§ Exercise directions: Print the lines in the listing below starting at the line with "COZYCOLLECTIONS LED Wandleuchte" and ending at the line with "Shiny Lambskin Quilted", both included. Reproduce them exactly and omit every picture.

§ Data to process:
▬▬▬▬▬▬▬▬▬▬
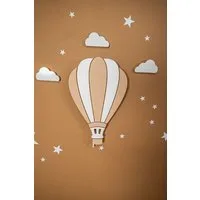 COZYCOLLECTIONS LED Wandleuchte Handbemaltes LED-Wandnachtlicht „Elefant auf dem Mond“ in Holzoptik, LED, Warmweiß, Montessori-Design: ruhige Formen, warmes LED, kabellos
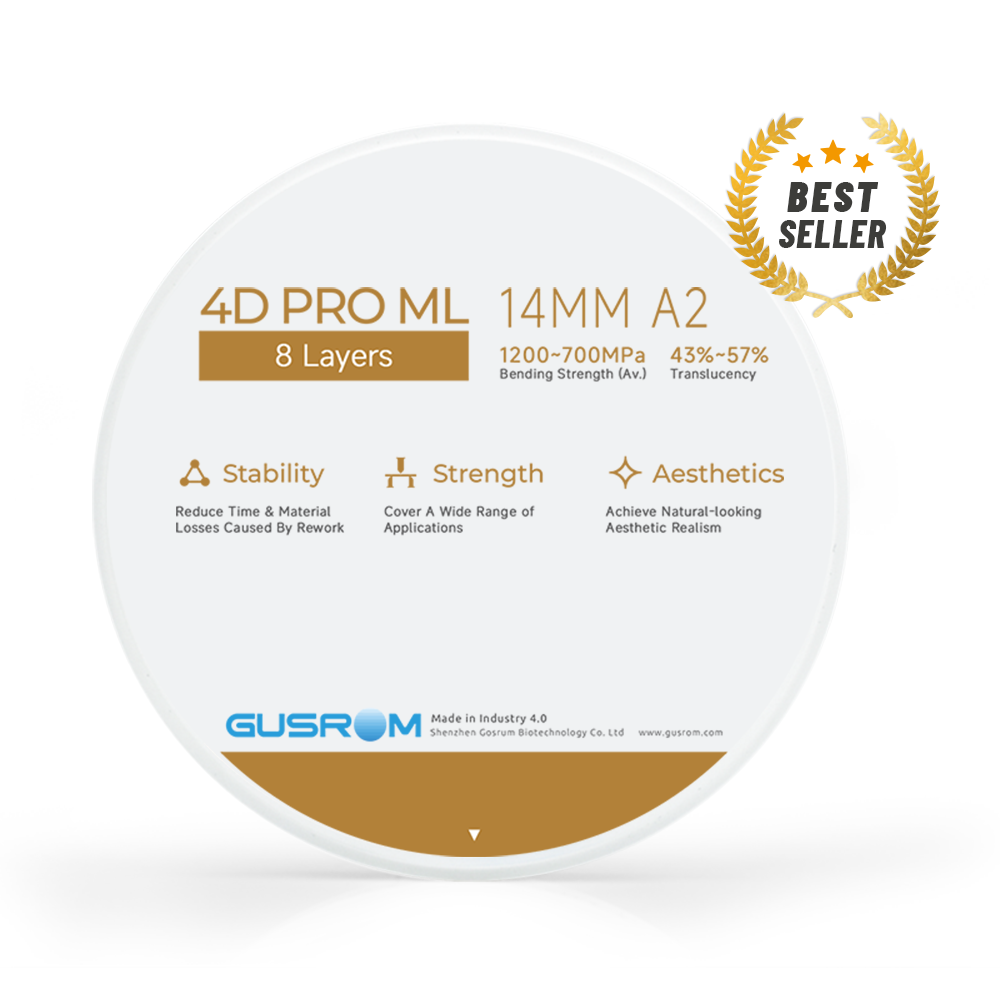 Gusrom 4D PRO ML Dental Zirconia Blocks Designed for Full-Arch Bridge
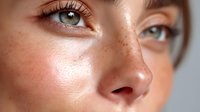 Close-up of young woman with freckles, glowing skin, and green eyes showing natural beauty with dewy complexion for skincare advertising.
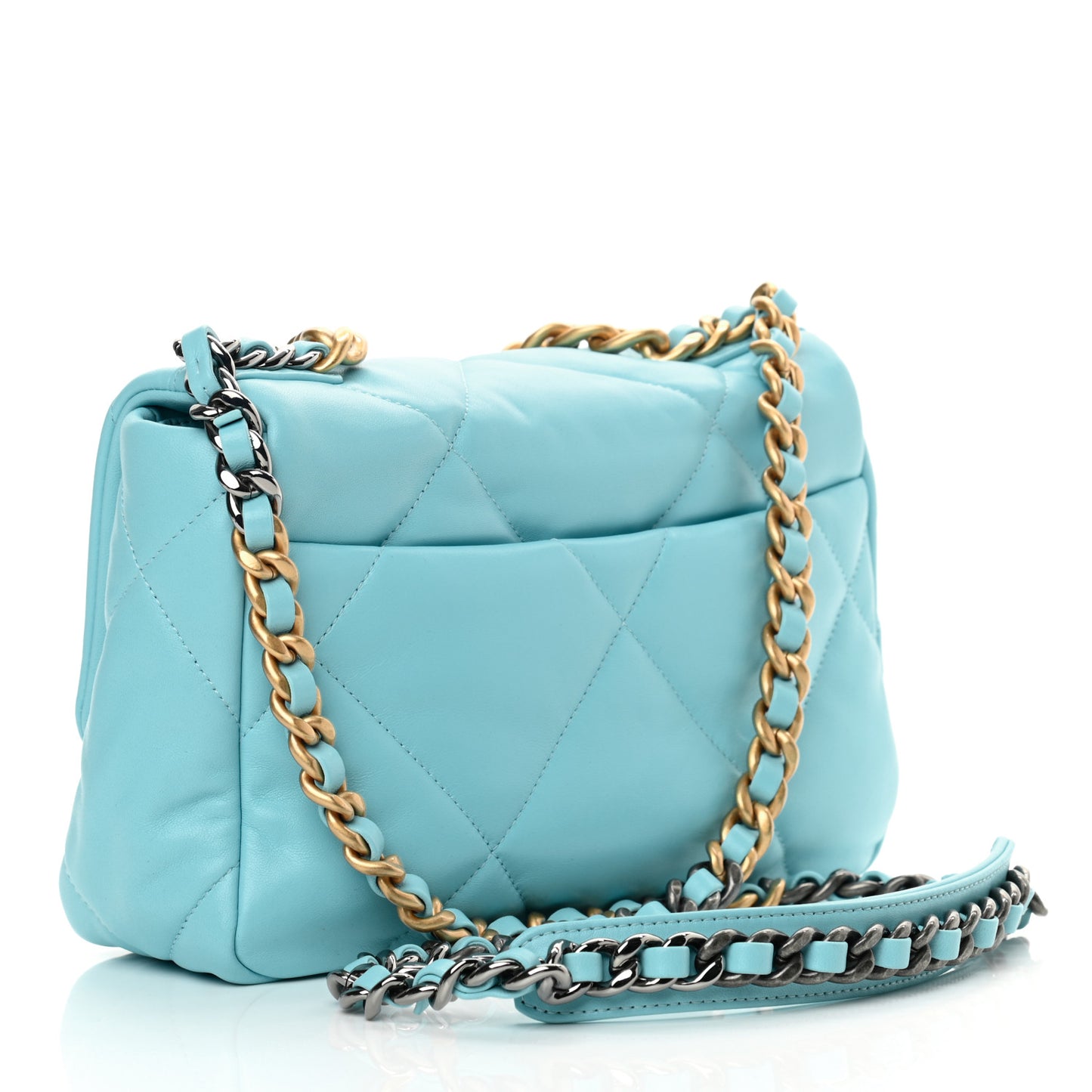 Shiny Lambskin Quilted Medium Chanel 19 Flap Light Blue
▬▬▬▬▬▬▬▬▬▬
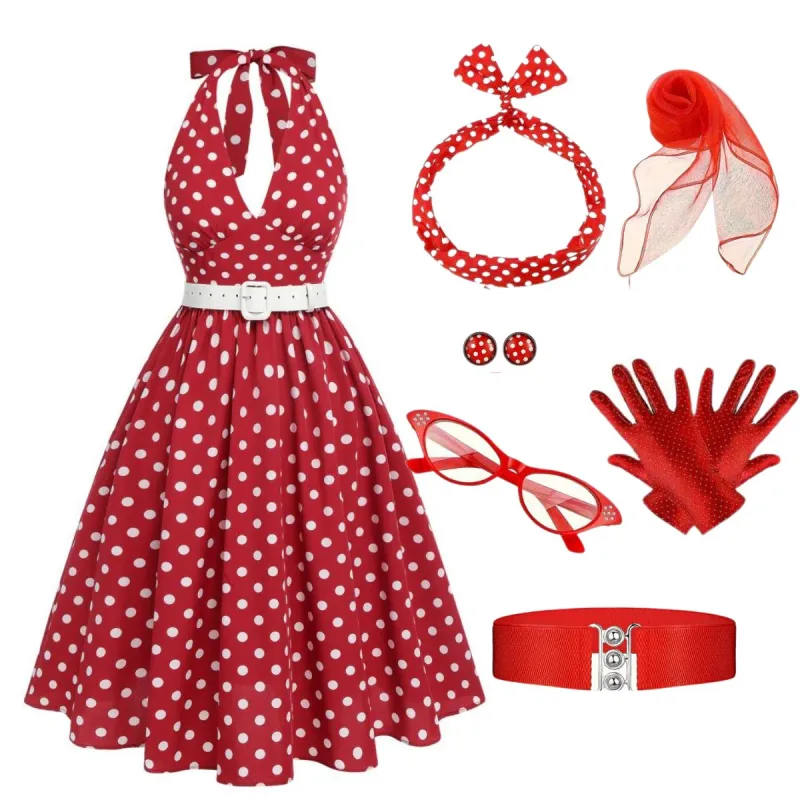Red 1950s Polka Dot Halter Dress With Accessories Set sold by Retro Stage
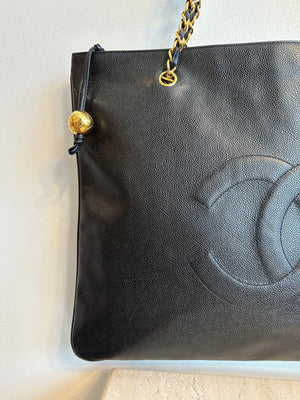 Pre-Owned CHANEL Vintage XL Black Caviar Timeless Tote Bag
▬▬▬▬▬▬▬▬▬▬
§ Answer space:
 COZYCOLLECTIONS LED Wandleuchte Handbemaltes LED-Wandnachtlicht „Elefant auf dem Mond“ in Holzoptik, LED, Warmweiß, Montessori-Design: ruhige Formen, warmes LED, kabellos
 Gusrom 4D PRO ML Dental Zirconia Blocks Designed for Full-Arch Bridge
 Close-up of young woman with freckles, glowing skin, and green eyes showing natural beauty with dewy complexion for skincare advertising.
 Shiny Lambskin Quilted Medium Chanel 19 Flap Light Blue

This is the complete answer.